第3者として端から観てると何故清佳の気持ちに気がつかない?と思われるシーンも当事者ともなればこうなるのかもしれないと思わせる戸田恵梨香の演技に私はすっかり引き込まれてしまいました。幸せな娘時代、穏やかな新婚生活、災害をきっかけに荒んでいく容姿疲れきった姿それでも自分の置かれた環境に順応しよう、お世話になっている高畑淳子演じる義母に認められよう、好かれようとしている姿にルミ子とはこういう人間なのだと見せつけられました。とても良かった。良いか悪いか正解や間違いではなくルミ子は一つ芯の通った人間だと。
一方ルミ子の娘、清佳。清佳からすればおばあちゃんである大地真央は無償の愛を与えてくれる存在。しかし大好きな母(戸田恵梨香)は…言葉を繋げないところに幼いながら感じるものがあったのでしょう。母が何をすれば笑い掛けてくれるか、どうすれば優しく接してくれるか、母が大好き過ぎた故に感情を汲み取りすぎたのか母の顔色を伺う子供へとなっていく。

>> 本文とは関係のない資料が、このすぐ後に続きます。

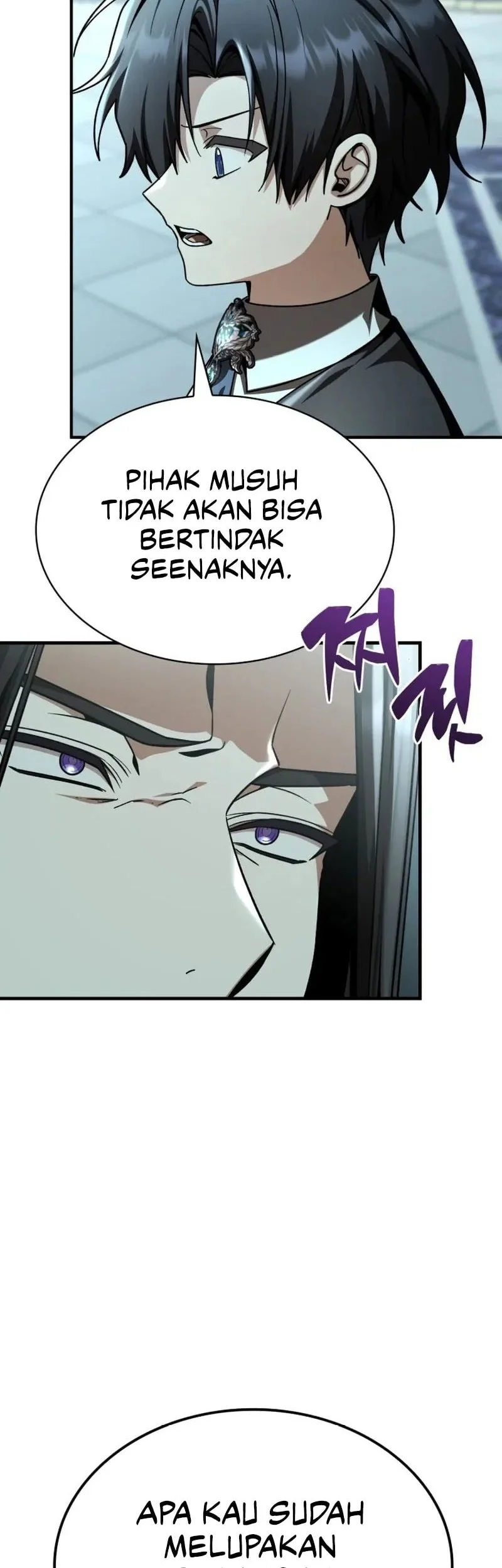 Dukedom’s Legendary Prodigy Chapter 39 Gambar 11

子供の頃にはよくありがちな自分の考えが大人には伝わらない現象。私も子供時代には何度かありました。大人になってからあれは…と思い返せますが、その時は何故母の機嫌を損ねたのかわからない時があったりもしました。映画では小鳥の刺繍とキティちゃんが描かれていてとても共感できる部分でした。このシーンでルミ子が絶望したかの様な驚きの表情と手元から誤って落ちてしまう弁当箱、打って代わって清佳の回想でのルミ子鬼の形相と叩きつける行動の違いに双方の主観がこの差を生んでいるのだろうと思われます。
おばあちゃんが亡くなってからの清佳もまた苦労の連続。母が話を聞いてくれるとかわいそうな同級生を助けてあげた話したり、住んでいる田所家の祖母から酷い仕打ちを受ける母を助けようと口論になったり。「かわいそうな子は助けてあげなさい」の母の言葉に従い従姉妹を助けてあげたら…。

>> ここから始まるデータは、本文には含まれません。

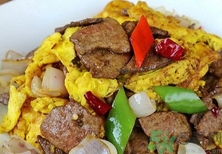 豬肝可以和雞蛋一起吃嗎?豬肝能和雞蛋同吃嗎? 豬肝可以和雞蛋一起吃嗎?豬肝能和雞蛋同吃嗎?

やること為すこと全てが裏目にでる、どうして母は喜んでくれないのか、愛されないのか、どうすれば、何をすれば。娘の清佳の気持ちも痛いほどわかります。やはり母を追い求めてしまうものなのでしょうね。その根底にはただ愛されたい。清佳の愛とは撫でてもらうや優しく微笑んでもらったり話を聞いてもらったり。そんな小さなことで良かったのでしょう。自分が幼かった頃思ったことと一緒でとても切ないです。
どこまで行っても愛がすれ違う母と娘。
辛い。どちらもどちらの視点もその立場ならそう思うのではないのかと納得してしまう。ただ辛い。どこまで行っても辛い。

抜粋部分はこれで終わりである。